Zulme rıza olarak tezahür eden ‘ahlaksızlığın’ şekilsel takva ile süslendiği İslami toplumlarda, resmi dinin tabiileri, iç dünyalarını temizlemek adına dış dünyadaki olup bitenlere ses çıkarmamayı ve onları ‘görmez’den gelmeyi imanın bilmem kaçıncı şartı olarak sunmuşlar , böylece ‘ağrısız başlarını ağrıtmadan’ hem dinlerini hem de ahiretlerini kurtarmanın (!) yolunu keşfetmişler, bu yol onları duble yollar ile süfyanilere bağlamış ve bu bağ nefislerinde hiç kopmayacak kulpa dönüşmüştür. Artık yaşadıkları riyazetin ve ‘diyanet’in kaynağı olan süfyaniler dinlerinin en takvalı liderleri olarak haklarında sadece hüsn-ü zannın geçerli olabileceği masumiyete sahip varlıklar haline gelmişlerdir. Zira onlara karşı su-i zan, bunca iç temizliğine (!) müsaade eden sisteme karşı su-i zandır ki eğer onlar olmazsa içimiz de dışarısı gibi bozulacaktır. Her ne kadar dışarıda faiz, kumar, fuhuş ve bilimum haramlar helal edilmiş olsa da namaza niyaza dokunulmadığı için ve o haramları helal kılanların ağızlarından ‘Allah’ lafzı eksik olmadığı için bahsi geçen haramlara ‘helal’ sertifakası verilebilir ve bu haramlar ‘görmez’den gelinebilir.

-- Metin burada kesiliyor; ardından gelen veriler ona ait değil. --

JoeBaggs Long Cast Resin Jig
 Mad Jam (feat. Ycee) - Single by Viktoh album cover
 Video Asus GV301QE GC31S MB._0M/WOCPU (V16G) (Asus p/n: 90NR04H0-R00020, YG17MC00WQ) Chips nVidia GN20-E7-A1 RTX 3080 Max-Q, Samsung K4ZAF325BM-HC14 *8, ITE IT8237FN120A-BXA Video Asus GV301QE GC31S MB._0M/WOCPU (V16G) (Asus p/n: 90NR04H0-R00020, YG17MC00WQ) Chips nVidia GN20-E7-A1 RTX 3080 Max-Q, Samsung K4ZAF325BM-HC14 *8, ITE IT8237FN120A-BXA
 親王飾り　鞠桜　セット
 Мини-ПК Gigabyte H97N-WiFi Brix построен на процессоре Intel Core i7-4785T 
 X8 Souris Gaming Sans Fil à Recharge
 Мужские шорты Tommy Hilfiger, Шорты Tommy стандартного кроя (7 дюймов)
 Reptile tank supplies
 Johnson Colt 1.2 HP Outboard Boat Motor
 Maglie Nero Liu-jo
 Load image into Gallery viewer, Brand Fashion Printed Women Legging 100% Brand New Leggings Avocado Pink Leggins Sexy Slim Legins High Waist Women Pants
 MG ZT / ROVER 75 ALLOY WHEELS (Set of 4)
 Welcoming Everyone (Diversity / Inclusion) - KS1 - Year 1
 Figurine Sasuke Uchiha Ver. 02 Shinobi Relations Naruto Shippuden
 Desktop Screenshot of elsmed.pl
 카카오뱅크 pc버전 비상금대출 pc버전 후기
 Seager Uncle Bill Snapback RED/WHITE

İşte bu bilinç(!) su-i zannı nefretle yad edilmesi gereken bir kavram olarak sunarken, hüsn-ü zannı baştacı eder ve her kötülüğün içinde iyiyi(!) arar bulur. Bu öyle bir bilinçtir ki eğer kötülüğün içinde iyiyi bulamazsa ‘üretir’. Ve her halükarda hızla akan kanı yavaşlatmayı başarır. Bu yüzden bu bilinci (!) oldukça seven süfyaniler, bu bilincin üretim kaynaklarına daima yatırım yapar, onların, dünyalarını da rahat yaşayacakları ortamlar hazırlarlar. Bir milyonluk aracı yakıştıramaz, üç milyonluk araç tahsis ederler yetmez uçağı da olsun derler. Zira kendi ellerindeki tüm dünyalıkların varlığının garantisi bu sapkın bilinci hak diye halka pazarlayanlardır. ‘Kaz gelecek yerden tavuk esirgenmeyeceğini’ siyonist atalarından öğrenenler, Bel’amlara karşı da nasıl davranmaları gerektiğini aynı atalarından öğrenmişlerdir ve saltanatlarının hemen yanı başında onlara da bir koltuk ayarlamışlardır. Bugün ‘oda’ olarak tezahür eden o koltuklar, dünün Karun’larının, Haman’larının ve Bel’am’larının yanlışlarından ders alıp yeni metodlar üretenlere bugünün süfyanilerinin minnet borcudur zira.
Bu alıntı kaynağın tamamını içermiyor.